Diorama can refer to either of two things: a mobile theatre device, or a three-dimensional life-size or miniature model usually encased in a glass container for a museum. They are achieved in different ways, but are really the same thing: a reconstruction of a scene or place.
As a Theater Device
The diorama as a theatre device and source of entertainment reached its peak during the 19th century. It is chiefly due to the innovations of Louis Jacques Mande Daguerre (1787 to 1851), best known as the co-inventor of the daguerreotype, the first common method of photography. Daguerre constructed an arched theatre space in which enormous paintings were rendered on transparent linen. These linen panels were lit with combinations of light from the front and behind them, which made audiences think that they were looking at a natural scene.
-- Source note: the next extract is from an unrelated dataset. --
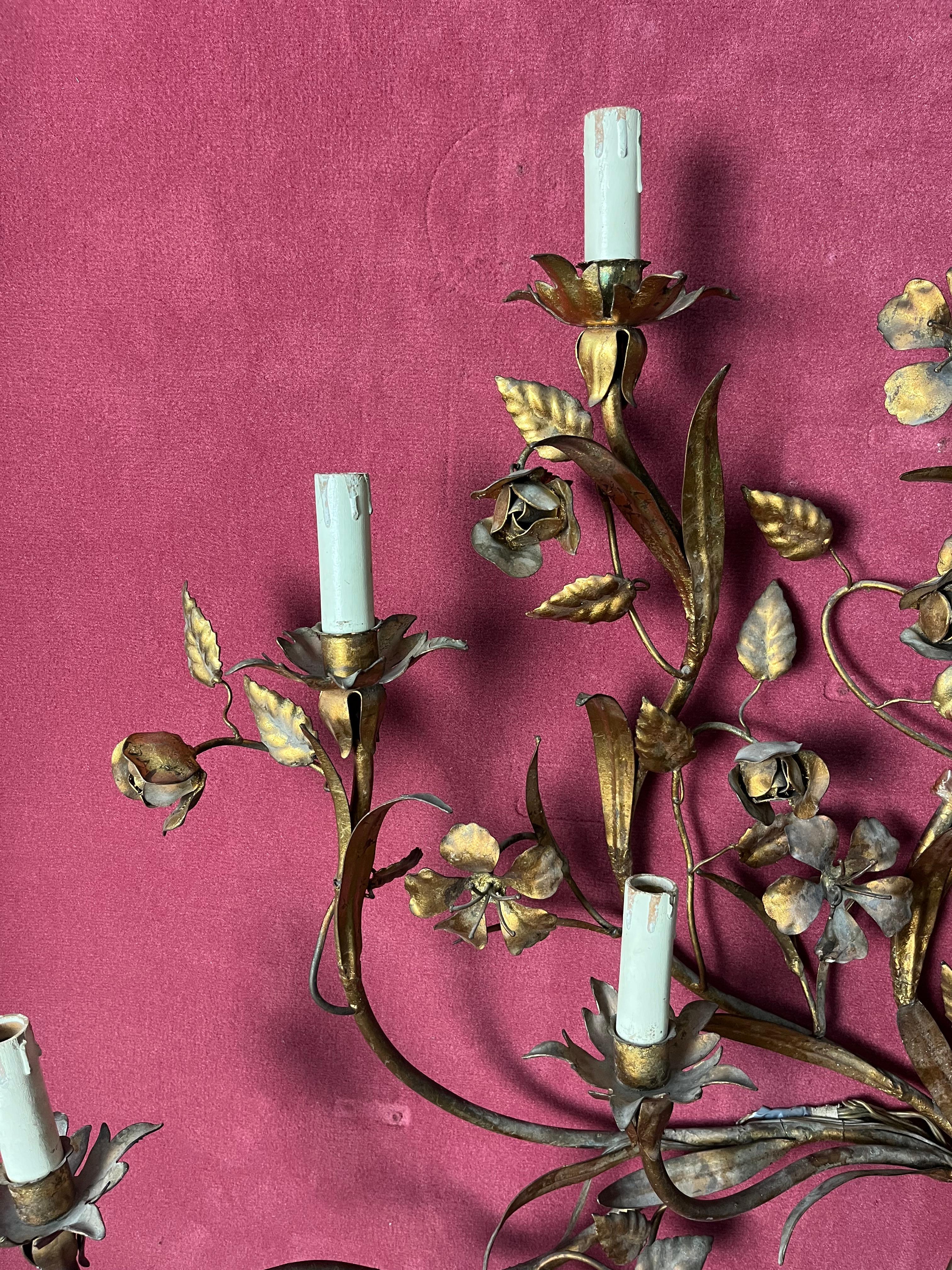 Lámpara de pared de 8 luces de mediados de siglo, envío DHL con derechos de aduana pagados mediados del siglo XX en venta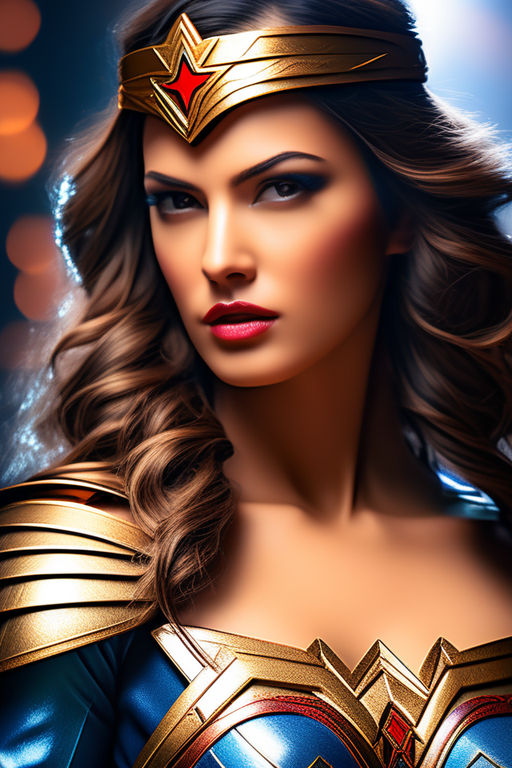 AI Art Girl, Beautiful Wonder Woman Photoshoot/Lingerie Lookbook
Originating in Paris in 1822, Daguerre's diorama was such a success that he was compelled to open a second one in London in 1823. The paintings were usually depictions of events or scenes local to where the diorama was displayed. Between 1822 and 1839, Daguerre made more than 20 dioramas.
As a Life-Size Model
Full-size dioramas are mostly popular in museums, where three-dimensional landscapes of historical events, natural scenes or cityscapes are displayed to educate as well as to entertain. Frank Michler Chapman (1864 to 1945), a curator at the American Museum of Natural History in Manhattan, New York, is credited for popularising the full-size models seen in museums today.
As a Miniature Model
The miniature model might be the oldest form of the diorama. As early as the sixth century, the Japanese were practicing the art of miniature landscapes called bonkei. Bonsai, another artform, is similar and appeared around the same period, although rather than mimic landscapes on a small scale, it involves growing miniature trees in pots to make them look like their life-size counterparts. Bonsai may have antecedents in ancient Egypt as far back as 4000 B.C., where pictoral records from that period reveal trees in containers.
In the 19th and 20th centuries, it became common for seamen to build dioramas of sailing ships. Today, the most popular of small dioramas---be they built by servicemen or hobbyists---represent scenes from historical events.
The diorama is meant to be three-dimensional. Also, the diorama is not meant to be just a pretty, appealing scene; it is supposed to tell a story or serve a purpose for its creation.
Dioramas can depict the gravestones of a cemetery, the scene of war carnage, an airport teeming with planes, a rainforest or a desert, a living room---anything. Creating dioramas holds limitless possibilities.